Last week, as part of a two-day forum sponsored by The Heritage Foundation at the University of Mobile, Jay Richards spoke about why “Good Intentions Aren’t Good Enough.” His main point was that well-meaning government policies often end up hurting those they are designed to help. In other words, what seem like compassionate actions can have harmful reactions.
Take the 1973 Endangered Species Act, for example. The law allows the federal government to restrict landowners’ use of their properties if a listed species’s habitat is discovered there. Such a law, though well-intentioned, pits the interests of landowners against the interest of animals such as the red-cockaded woodpeckers, which nest in trees. In fact, in 2006, landowners in one North Carolina town clear-cut miles of wooded lots to avoid having their pine trees become “infested” with woodpeckers and thus come under the regulations of the federal government. The good intentions of this government policy actually drove landowners to destroy rather than preserve a habitat for endangered species.

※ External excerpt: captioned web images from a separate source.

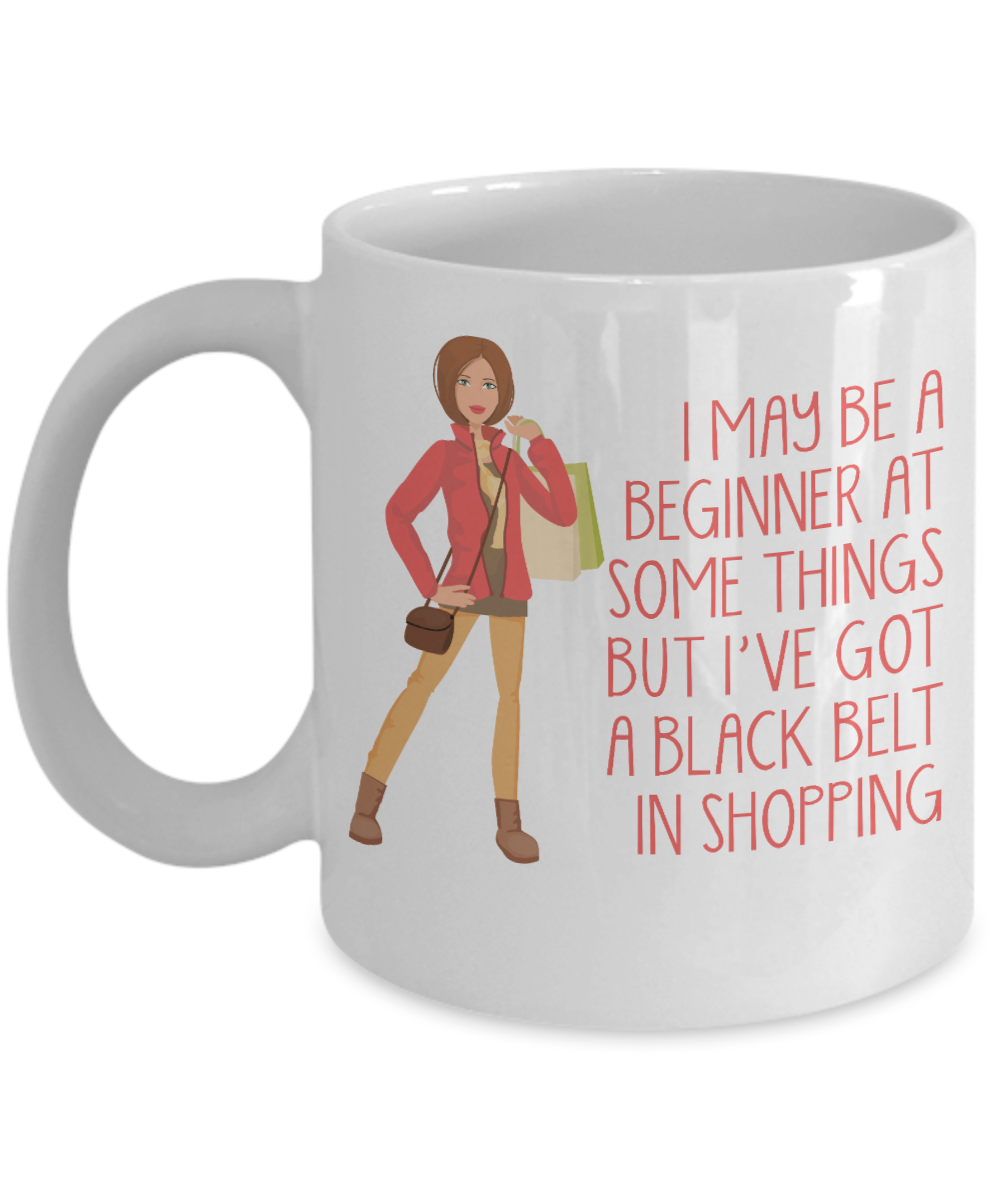 Crazy Lady Coffee Mug, I May Be A Beginner At Some Things But I've Got A Black Belt In Shopping-White Porcelain Coffee Mug 11 oz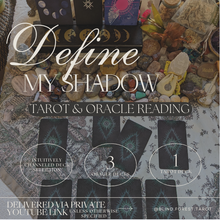 Load image into Gallery viewer, Define My Shadow Tarot and Oracle Card Reading
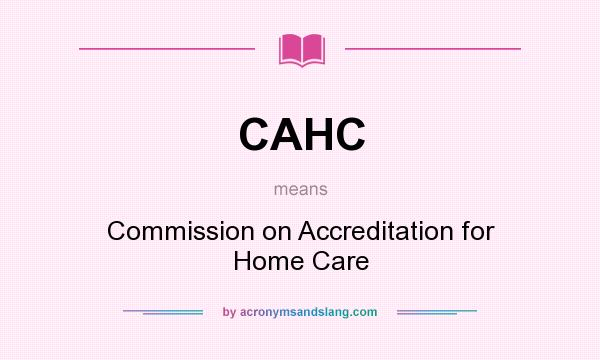 What does CAHC mean? It stands for Commission on Accreditation for Home Care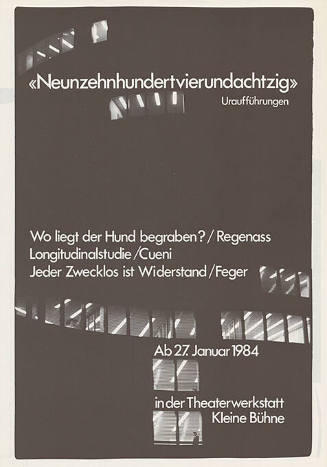 «Neunzehnhundertvierundachtzig», Uraufführungen, Theaterwerkstatt Kleine Bühne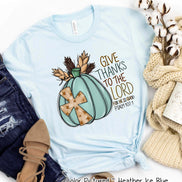 Give Thanks To The Lord Fall Tee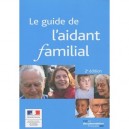 Le Guide De L'aidant Familial (2e Edition) - Collectif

Other examples abound: Laws that raise the minimum wage also lower the number of workers that businesses hire; welfare programs that discourage work and marriage help to entrench people in poverty and government dependence; government policies designed to increase home ownership among the poor inflate housing prices and encourage many to buy homes they cannot afford, contributing to an economic recession felt across the nation.
We could describe some of these public policies in similar terms to Newton’s third law of motion: Not only do these government actions have reactions; they are often opposite reactions than those intended.
As Richards explains, the problem with these policies is that lawmakers often focus only on the short-term benefits received by one particular group or on the compassion that such policies are thought to express. But Richards suggests that good policies have less to do with the intentions behind them than with their actual affects on people.
What matters isn’t simply what we want policies to produce but what they actually produce. Policymakers need to bring to bear not just a moral desire to help the poor but an informed understanding of how certain actions lead to predictable reactions by all parties involved.
In sum, a moral evaluation of public policy cannot stop short with the good intentions that go into crafting a law or government program. We have a moral obligation to pay attention to the other side of the equation as well—its actual, and often predictable, outcomes. Richards suggests that a great place to begin is for every policymaker, upon encountering proposed legislation, to ask, “And then what will happen?”